L’altro elemento che va rilevato è il crollo del PD che porta a compimento la disastrosa parabola dell’autonomia del politico, il distacco totale dai bisogni materiali delle moltitudini, da ogni valore di classe dalla parte degli sfruttati e degli oppressi, l’incapacità di cogliere le trasformazioni del modo di produzione e della composizione di classe. Il cosiddetto campo progressista o riformista è totalmente subordinato all’ordine neoliberale ed è solo una pallida rappresentazione, del tutto vuota, della vecchia socialdemocrazia, la quale, pur da sempre nemica dei rivoluzionari e dei movimenti autonomi, conservava comunque dei legami con la classe.

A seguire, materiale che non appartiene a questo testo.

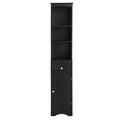 Tall Bathroom Cabinet, Freestanding Storage Cabinet With Drawer, Mdf Board, Adjustable Shelf, Black Black Mdf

L’ascesa di Georgia Meloni, che di fatto svuota il bacino elettorale della Lega, è il frutto dell’opposizione al governo Draghi e che è stato ripagato in termini di consenso, mentre a “sinistra” si proponeva in maniera fideistica l’agenda Draghi, facendo in modo che l’unica forza in grado di “dire qualcosa di sinistra” fosse il MoVimento 5 Stelle, in particolare sul reddito di cittadinanza.

Cosa ha fatto il Pd in tutti questi anni di governi tecnici, se non avallare le decisioni delle banche centrali e dei potentati economici, i tagli della spesa pubblica, la precarizzazione del lavoro, lo smantellamento del Welfare, la riduzione dei salari e l’impoverimento generalizzato?

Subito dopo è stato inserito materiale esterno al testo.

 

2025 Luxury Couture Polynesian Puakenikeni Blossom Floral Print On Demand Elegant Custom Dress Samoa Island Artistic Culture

Il governo della Meloni e del centrodestra non muterà questo quadro strutturale: sono gli orologi delle borse che battono i tempi delle agende politiche degli stati; sono le logiche del capitale finanziario e del mercato, del meccanismo del debito a rendere la funzione di ciò che rimane degli stati nazionali quella di meri esecutori.

Non sorprende neppure la volontà espressa dalla destra di modificare la costituzione in senso presidenzialista: il susseguirsi dei “governi tecnici” e di unità nazionale in tutti questi anni indicava già questa strada, con l’appoggio di tutte le forze politiche. Si tratta del compimento di un processo, di ulteriore centralizzazione del potere esecutivo, con la differenza che questa volta è legittimato dal voto popolare.

Una ultima considerazione: le elezioni italiane si inseriscono in un quadro globale di crisi sistemica del capitalismo, della incapacità, se non impossibilità, da parte della governance globale di dare un ordine alla complessità degli eventi che attraversano il mondo, di dare una forma al caos e alla ingovernabilità. I continui smottamenti, variazioni imprevedibili, confusioni si riverberano dal piano globale a quello delle nazioni. 

Pensiamo alla spaccatura del mondo in due blocchi contrapposti determinata dalla guerra in Ucraina, con relative sfere di influenza regionali, ma anche alle lotte delle popolazioni in ogni parte del mondo contro l’estrattivismo e l’impoverimento generalizzato, oppure agli esodi di massa da terre devastate dalla crisi climatica e dalle guerre. Quale governance è mai possibile in questa instabilità strutturale e permanente, dove il controllo biopolitico si trasforma sempre più in “necropolitica”, distruzione, violenza e morte?

Non c’è alternativa: solo una rivoluzione ci può salvare, una trasformazione radicale dell’esistente, delle forme di vita, di produzione e riproduzione. Rivoluzione non tanto come evento posto nel futuro, in un altrove indeterminato, ma come processo di costruzione delle nuove istituzioni del comune, qui ed ora.